▸ Task goal
Once the pictures are removed, restate the listing word for word.

Information given below:

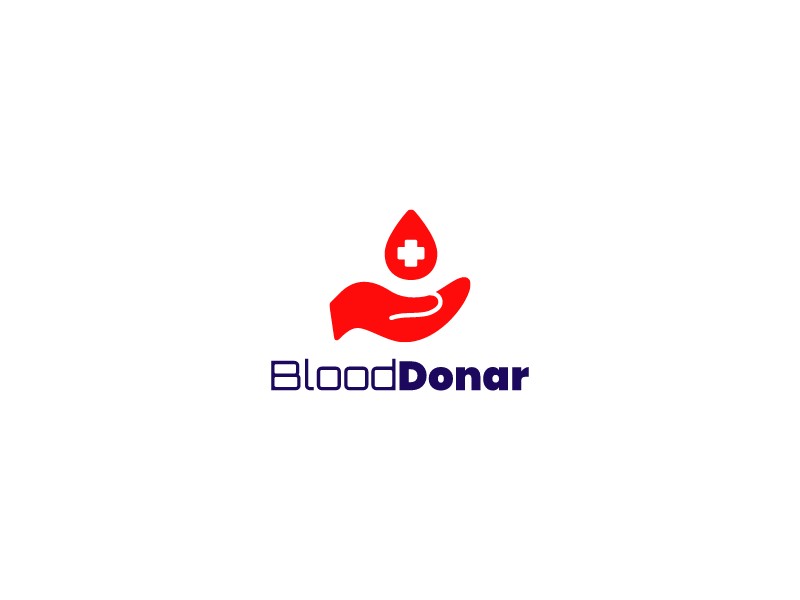 Blood Donar Logo Maker - Design Blood Donar logos online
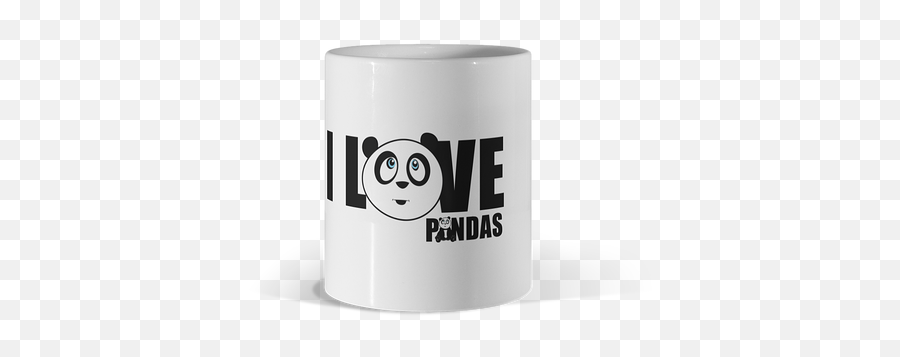 Most Likes Dbh Collective Purple Panda Mugs Design By - Magic Mug Emoji,Purple Hurt Emoticon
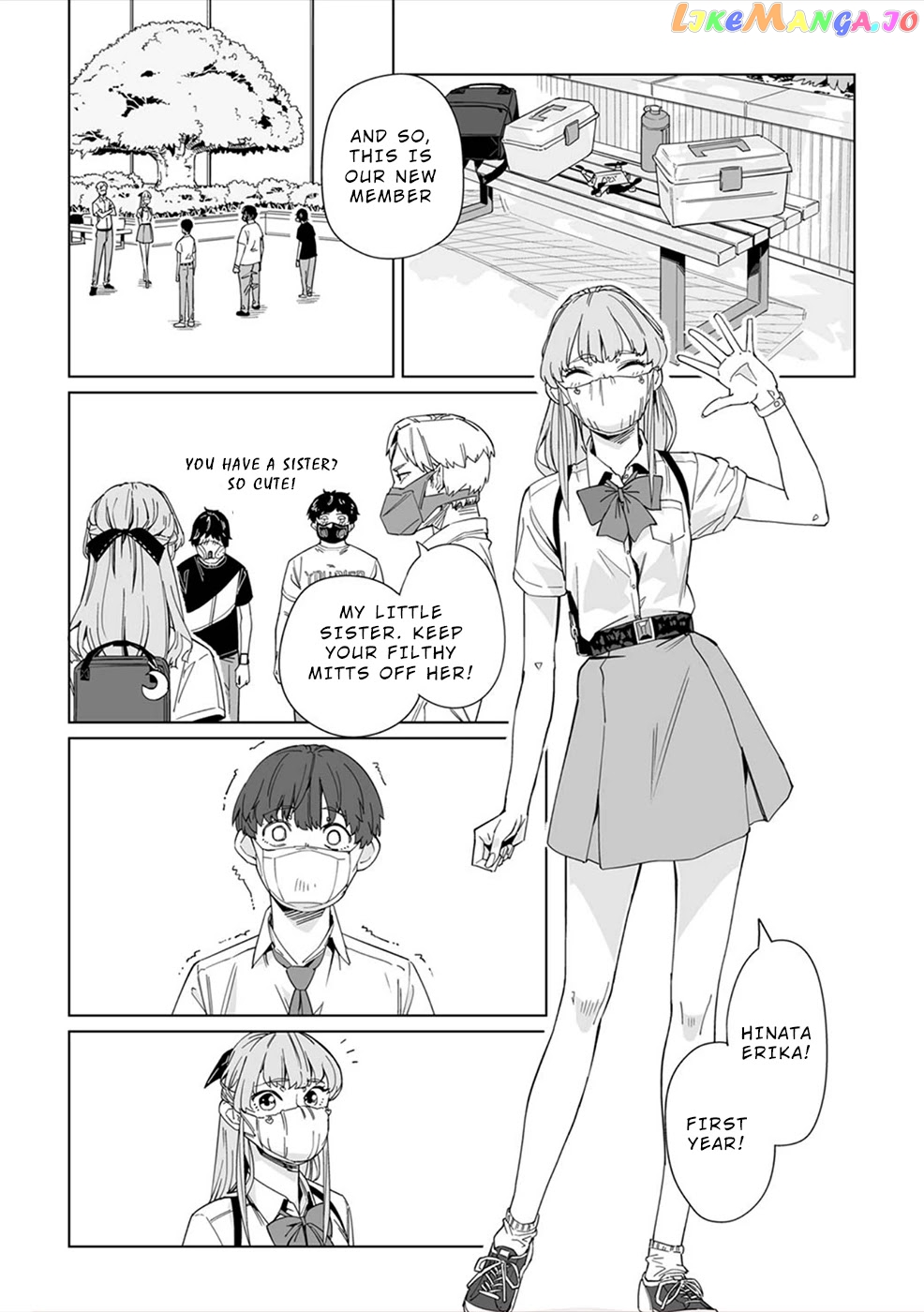 New Normal Chapter 4 - Page 18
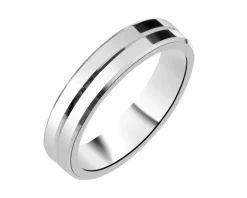Obrączka srebrna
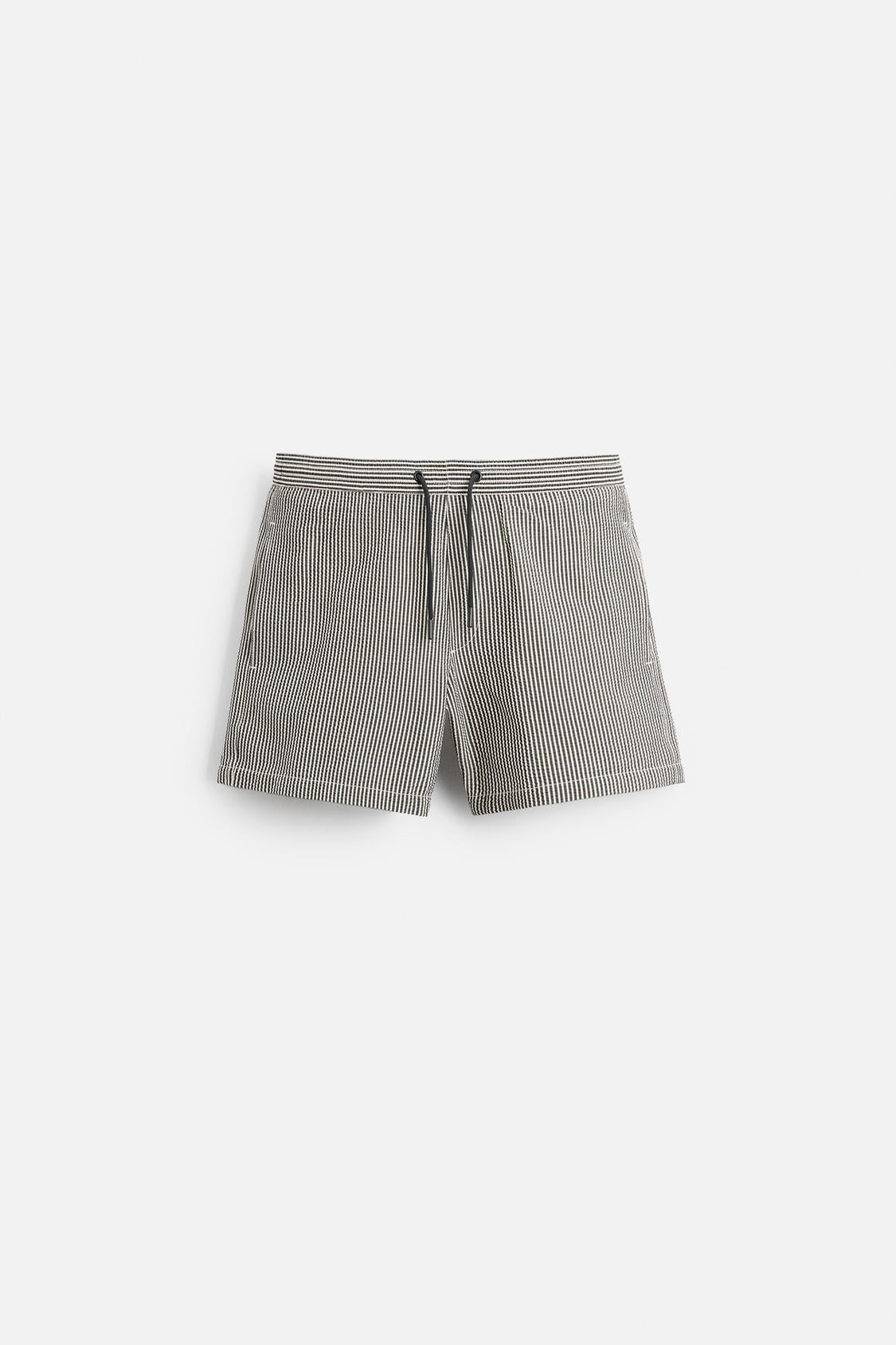 MAILLOT DE BAIN COURT SEERSUCKER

End of Information given.

▸ Result of the task
 Blood Donar Logo Maker - Design Blood Donar logos online
 Most Likes Dbh Collective Purple Panda Mugs Design By - Magic Mug Emoji,Purple Hurt Emoticon
 New Normal Chapter 4 - Page 18
Obrączka srebrna
 MAILLOT DE BAIN COURT SEERSUCKER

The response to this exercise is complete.